##### Listed records #####
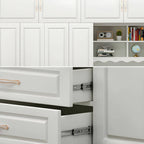 White Wardrobe Desk Armoire With Bookcase Storage System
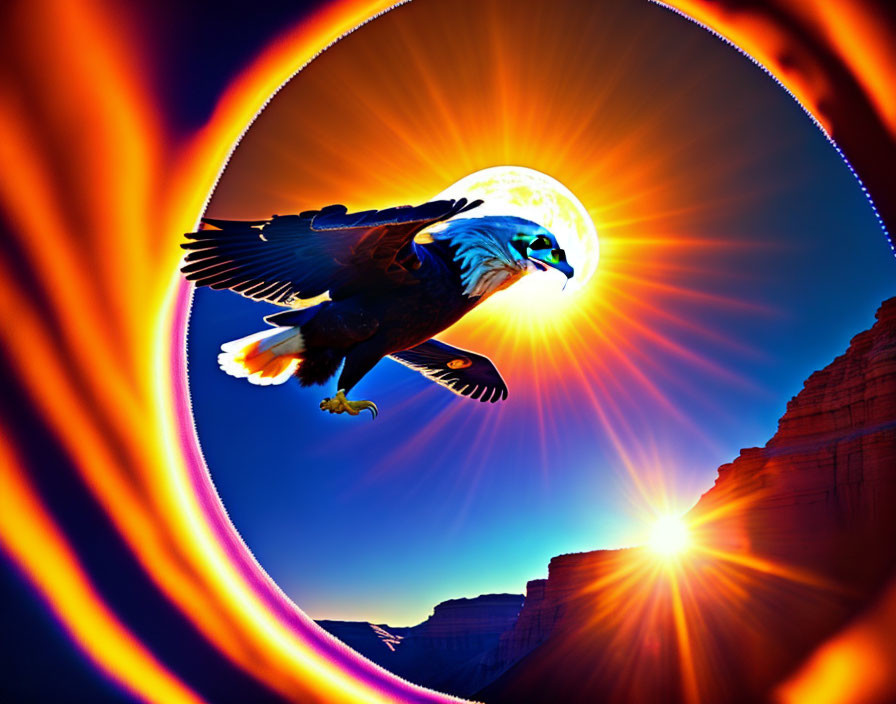 Majestic eagle flying in vibrant sky with sun and fiery flare over canyon ridges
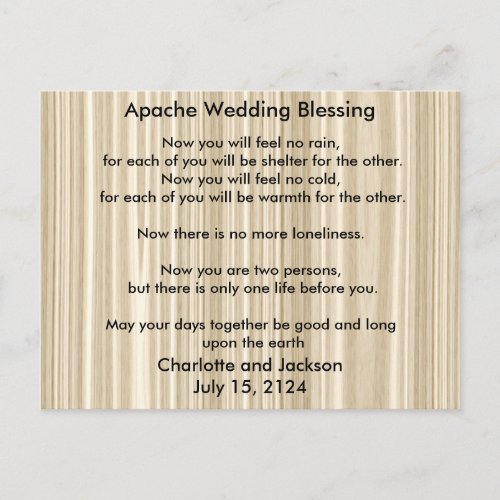 Apache Wedding Blessing White Wood Grain Postcard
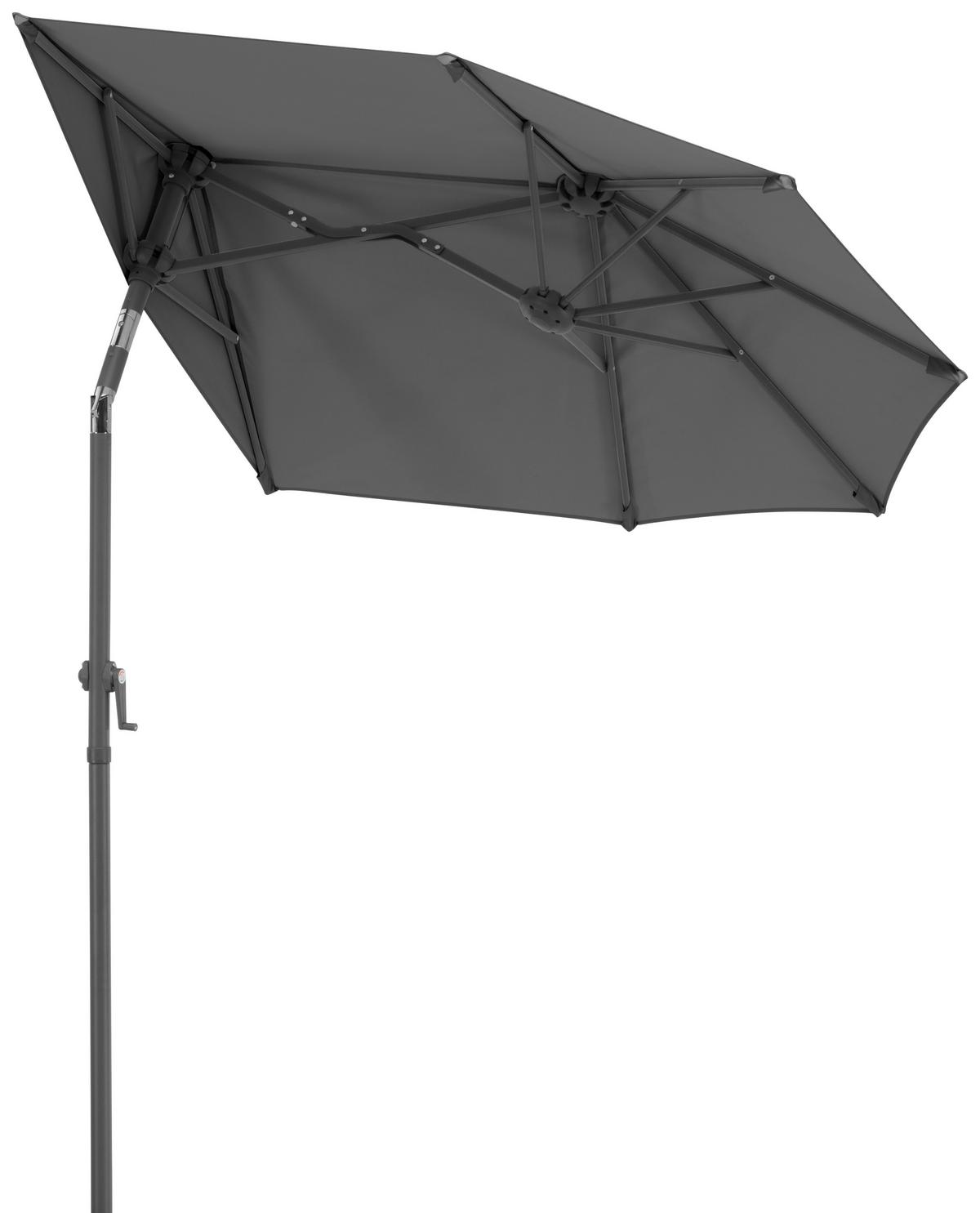 Ampelschirm Salerno Mezza ca.150x228x150cm Anthrazit - Anthrazit, Basics, Textil/Metall (150/228/150cm) - Schneider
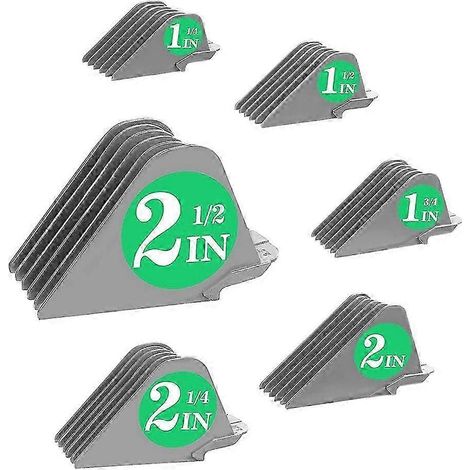 Sabots de tondeuse pour tondeuses à cheveux Wahl 10, 12, 14, 16, 18 et 20 pouces (6 pièces), guides de 2,5 pouces (1/5)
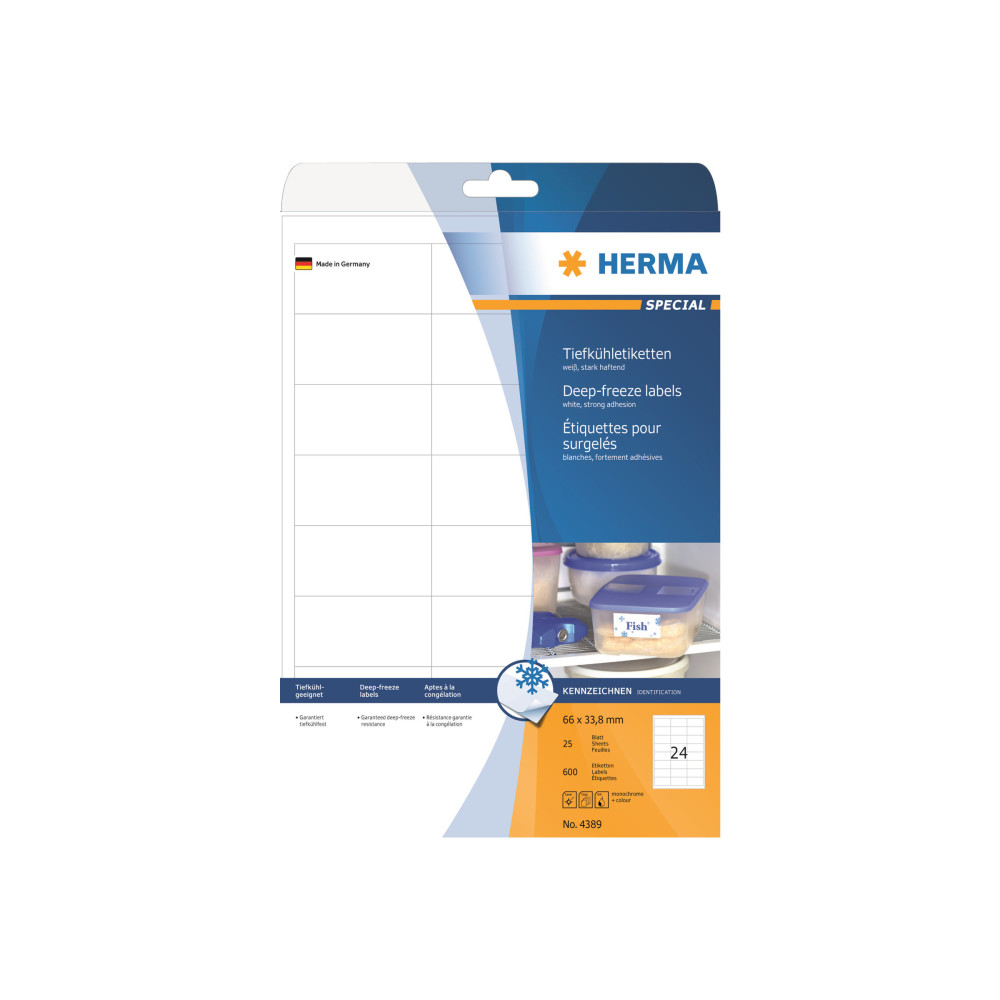 Produktbild för HERMA Special - permanenta självhäftande matta pappersetiketter för djupfryst - 600 etikett (er) - 66 x 33.8 mm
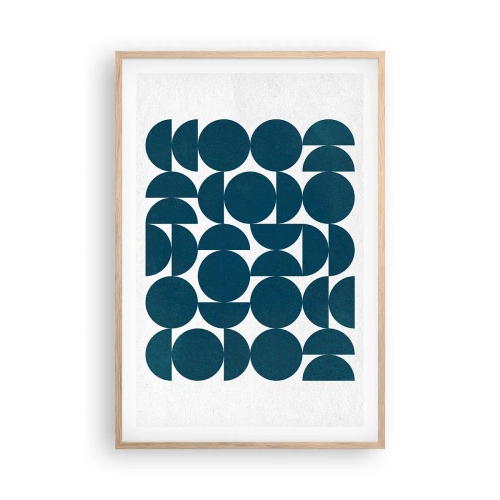 Poster in light oak frame - Circles and Semicircles - 61x91 cm
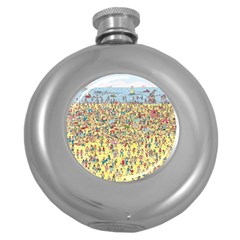 Waldo Cartoon Where s Wally Water Sky Sea Day Nature Round Hip Flask (5 Oz) by 99art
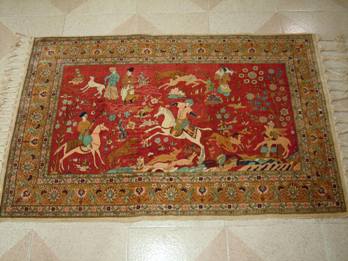 Tapis orient bordeaux laine iran  fait main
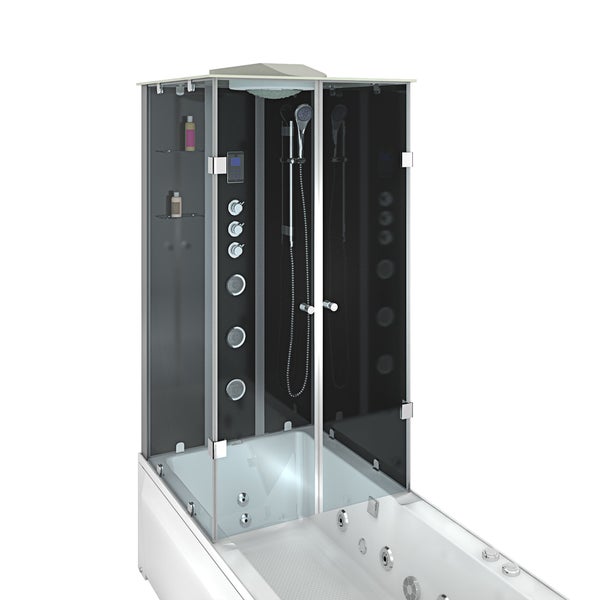 Duschkabine mit Whirlpool-Badewanne, schwarzen Rückwänden, Regendusche, Handbrause, Massagedüsen und Glasregalen.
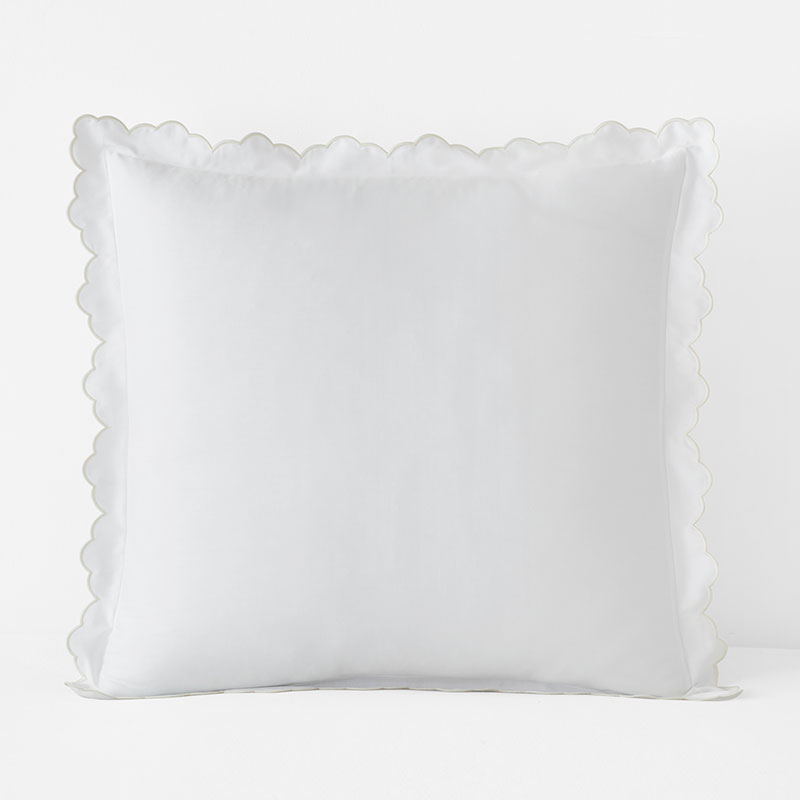 Embroidered Scallop Classic Smooth Sateen Solid Sham - Ivory, Euro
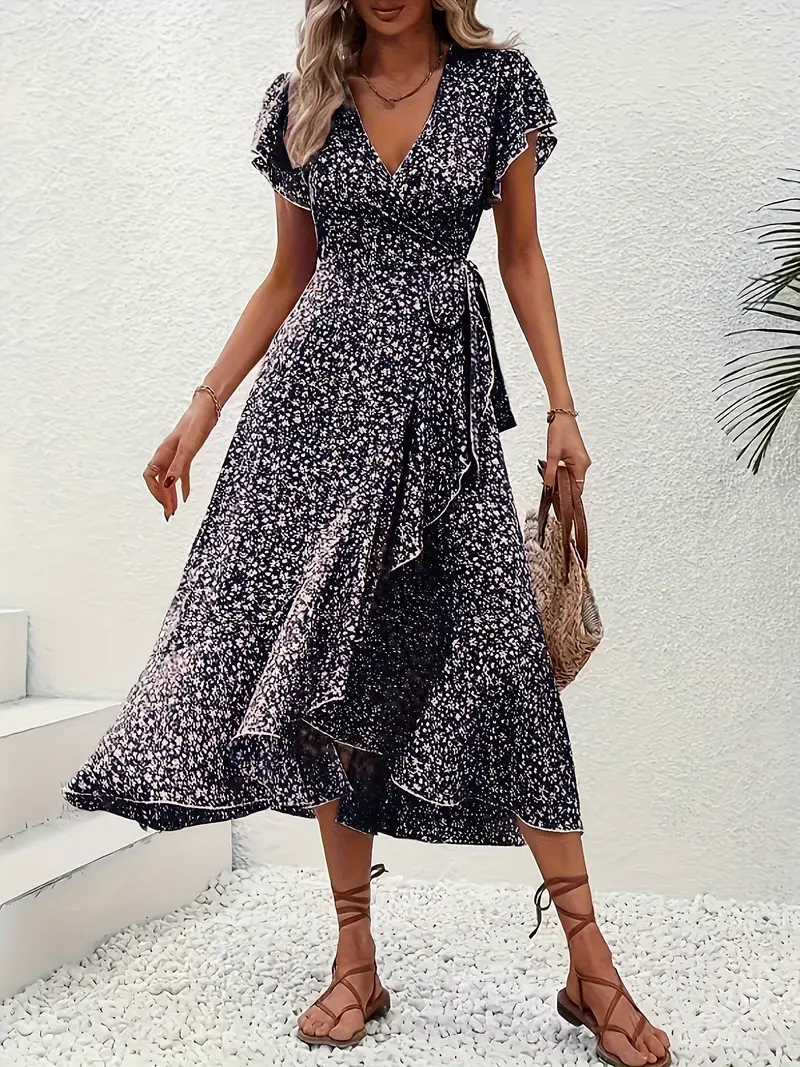 Hannah | V-Ausschnitt Wickel Kleid Rüschen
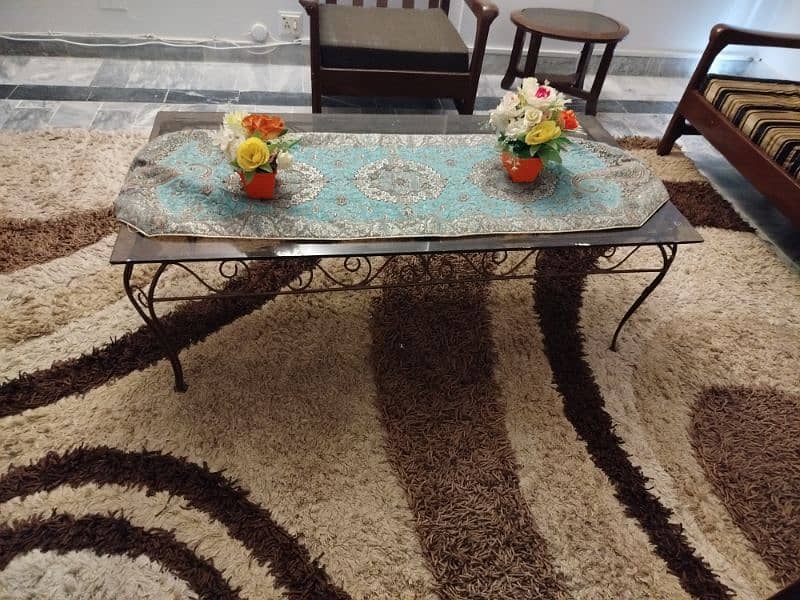 rectangle shape centre table with glass top 2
#####
■ **Exercise directions**
Could you write out, word for word, the lines from the one containing "Apache Wedding Blessing" through the last line of the records, leaving out the pictures?

■ **Response to this exercise**
 Apache Wedding Blessing White Wood Grain Postcard
 Ampelschirm Salerno Mezza ca.150x228x150cm Anthrazit - Anthrazit, Basics, Textil/Metall (150/228/150cm) - Schneider
 Sabots de tondeuse pour tondeuses à cheveux Wahl 10, 12, 14, 16, 18 et 20 pouces (6 pièces), guides de 2,5 pouces (1/5)
 Produktbild för HERMA Special - permanenta självhäftande matta pappersetiketter för djupfryst - 600 etikett (er) - 66 x 33.8 mm
 Poster in light oak frame - Circles and Semicircles - 61x91 cm
 Waldo Cartoon Where s Wally Water Sky Sea Day Nature Round Hip Flask (5 Oz) by 99art
 Tapis orient bordeaux laine iran  fait main
 Duschkabine mit Whirlpool-Badewanne, schwarzen Rückwänden, Regendusche, Handbrause, Massagedüsen und Glasregalen.
 Embroidered Scallop Classic Smooth Sateen Solid Sham - Ivory, Euro
 Hannah | V-Ausschnitt Wickel Kleid Rüschen
 rectangle shape centre table with glass top 2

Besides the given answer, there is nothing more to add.